“This tutorial describes how to install and configure OpenSSH so that it will allow chrooted sessions for users. With this setup, you can give your users shell access without having to fear that they can see your whole system. Your users will be jailed in a specific directory which they will not be able to break out of.”
Awesome info! Great way to corral Developers that think they are System Administrators and absolutely need root!
As far as I can tell, breaking out of a chroot jail is simple if you are root. You can just create a link to the main hard drive, and remount it at any point that you would wish to do so.
chroots are only good for non-privledged users, and even then there are probably ways of breaking out.
You can break out of a chroot if there is any program running as the same user as yourself that is not also jailed. Obviously, if you are root then there will always be a few programs running as root that aren’t jailed, so that’s trivial. A more subtle case is when you are chrooting the shell but not the SSH daemon instance that is connecting the user to it.
I’ll leave it as an exercise for the reader to figure out how you can use an unjailed program running as the same user to break out of the jail … it requires some sophistication on the part of the attacker but it can be done.

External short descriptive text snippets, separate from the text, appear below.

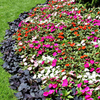 Impatiens Plants - New Guinea Florific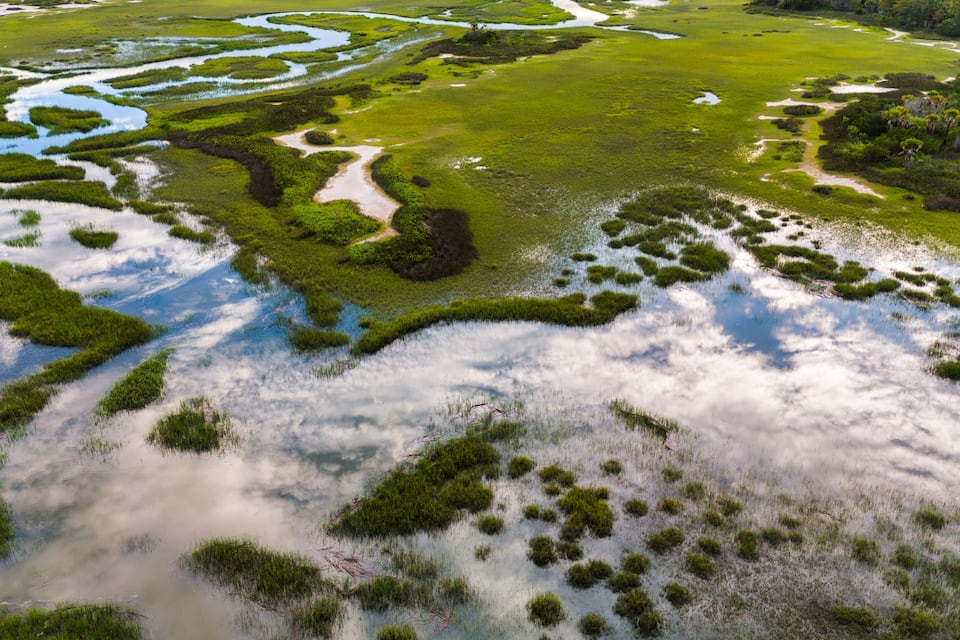 A wetland landscape with water channels and patches of vegetation.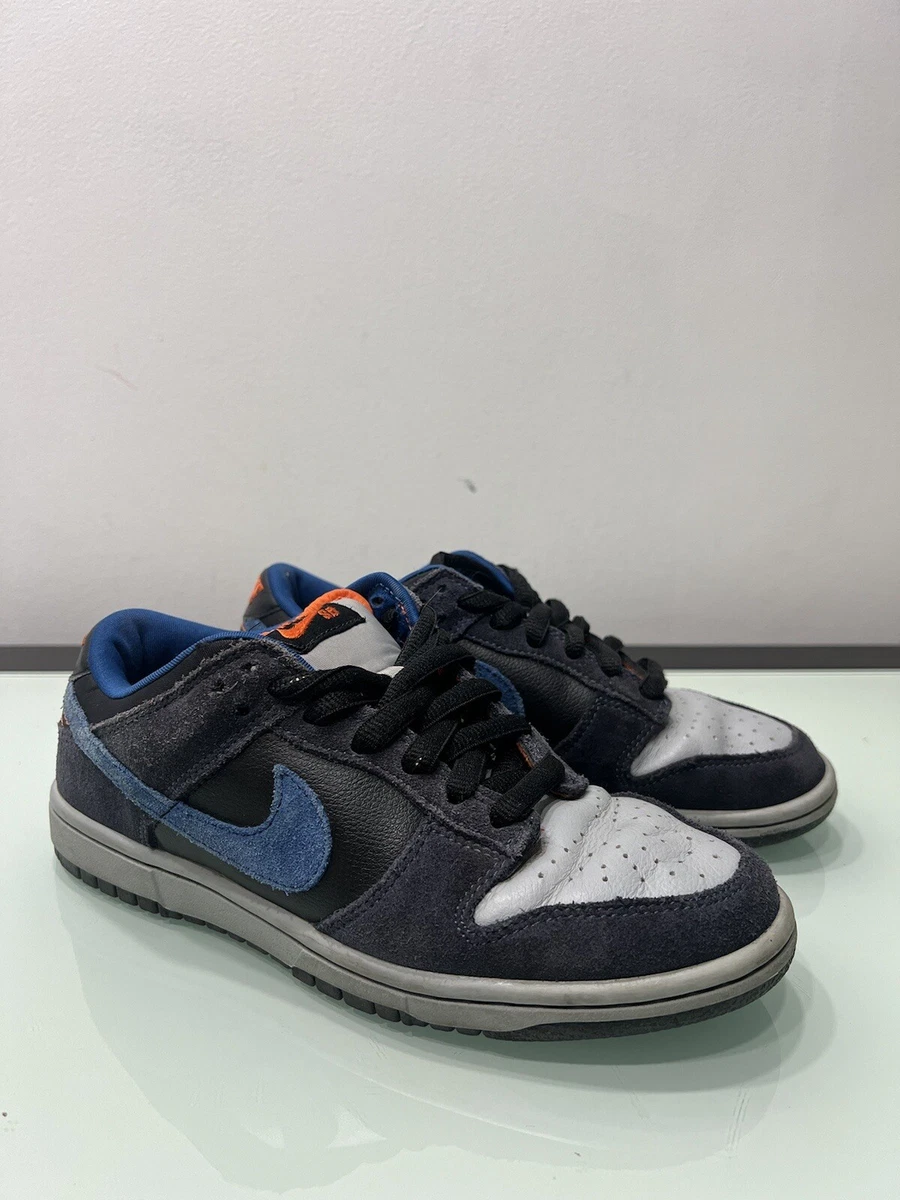 靴 DUNK LOW PRO SB PATAGONIA 27.5cm Nike SB Dunk Low Patagonia Men's - 304292-042 - US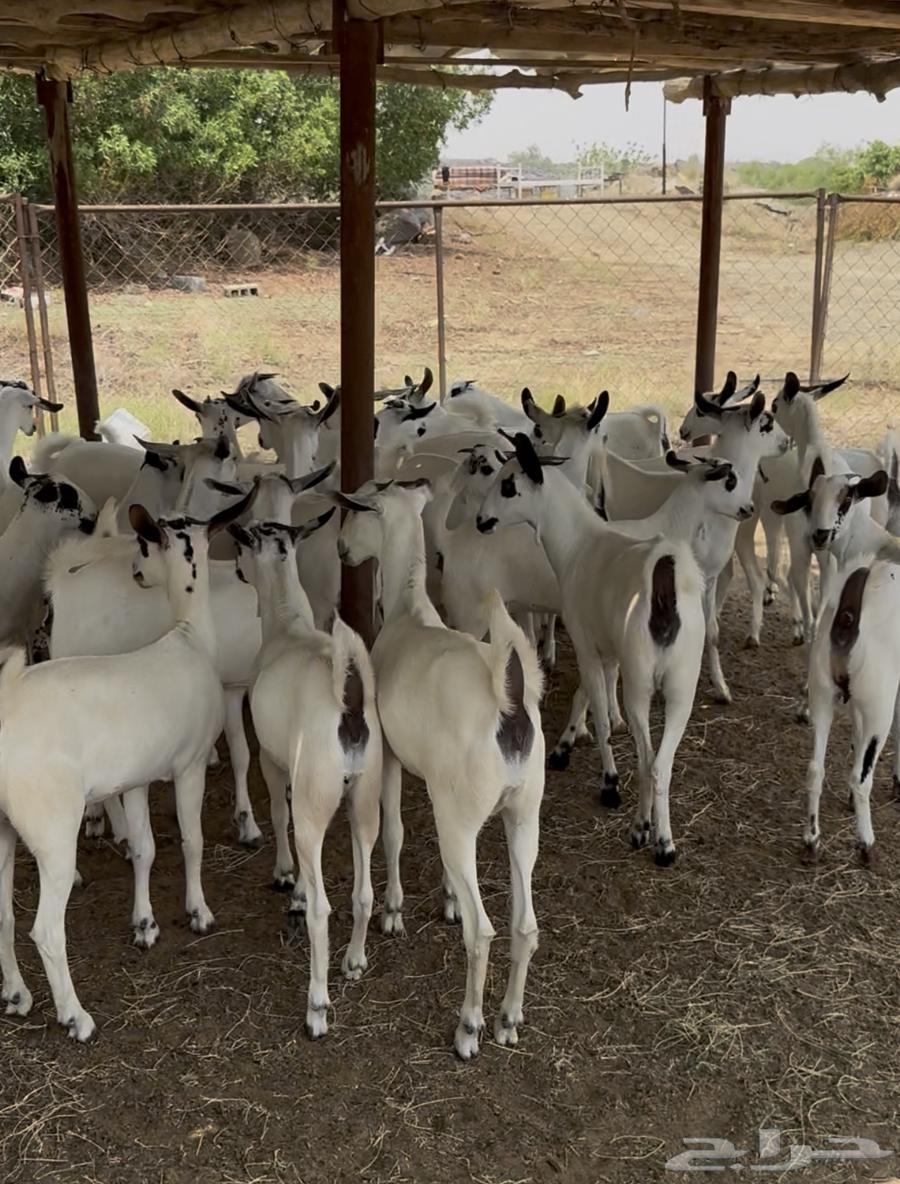 جفار بيشيات صنف64420648086658113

(edit: to be more precise, there needs to be an unjailed process that the user can send signals to – on Linux the rules are slightly different for suid programs so the SSH daemon instance being used to connect is probably not a problem)
Edited 2006-01-30 10:55
I read on the net that “chroot” is never a real secure way to jail someone in. With some C-skills one should be able to break out a chroot environment in every situation. The most simple ways to do this are easy to prevail, though.
Does anyone know more on this topic?
That is some good stuff there for anyone managing shell accounts to know. I think you’d need a /home/chroot/proc mounted too to get things working properly in your jail.
Is there a way to have chrooted accounts, without having one copy for every required bin or lib? On our server, we have more than a thousand user accounts, so chrooting them would be very costly in terms of disk space and ease of maintainability.
Lots of linking, ya it sucks, but it would work.
Just setup a master chroot user dir with all the links, then copy it for all the users.
That way when you update your system, everything within the chroot also gets updated.
It doesn’t seem that easy for me… First, newly created files and directories won’t appear in the chroot. Also, rpm does not overwrite (modify) files but replaces them with new ones. (Not sure but i’d guess tar/dpkg do the same). In that case, updated files are unlinked so the updates won’t be shared.
You could use Linux ververs or FreeBSD zones or the Solaris equivalent, some of them have a way of consolidating the virtual servers to one installation (I have only used Linux vservers, and didn’t try the consolidating feature). This could cut down on disk usage (beyone the first install) as well as provide more protection than filesystem chroot alone.
Another way might be to provide the required libraries configs and exes via an overlay filesystem (readonly of course) which could be ‘mounted’ as part of the login process, and utilise the GECOS feild the same way vslogin does: http://swapoff.org/LinuxVServer . This approach would have minimum impact on other systems such as mail and per user www
My apologies for my bad html skills.
Correction:
Solaris: Zones
FreeBSD: Jails
Linux: Virtual Server (but not the VRRPd/network HA virtual server project).
Using nullfs, null-mounts, or unionfs, you only need to install software once (not a lot of extra copying into the chroot trees needed).
The presented solution works, but sure seems overly complicated. I’ve long wondered why somebody doesn’t modify the rbash (restricted bash) shell to solve this problem. For those not aware of it, rbash prevents users from changing directories with the cd command. Unfortunately, that’s too restrictive – you want users to be able to cd within their own home directory, you just don’t want the cding into other people’s home directories. Couldn’t rbash be modified to do this? I wish I were a good enough programmer to hack this myself.
See “man rbash”
I was once in charge of building a web server that would hold hundreds of customer web accounts. The server being replaced had the problem that users could view each others directories when they logged in via ssh. Ssh access was important and couldn’t be dropped. I looked into using a chrooted ssh but instead went with a permission scheme that achieved what was needed. Users were unable to see into each others accounts or other places in the system they didn’t need to but Apache and MySQL worked as expected. In the end it made the users accounts more flexible because of the isolation. Oh, and it was easy to do and works on any Unix like system.
Permissions are there for a reason, just use them.
Looking back over setups I’ve done I’m surprised how often permissions have been the answer – and how they are rarely the first line of approach I’ve considered!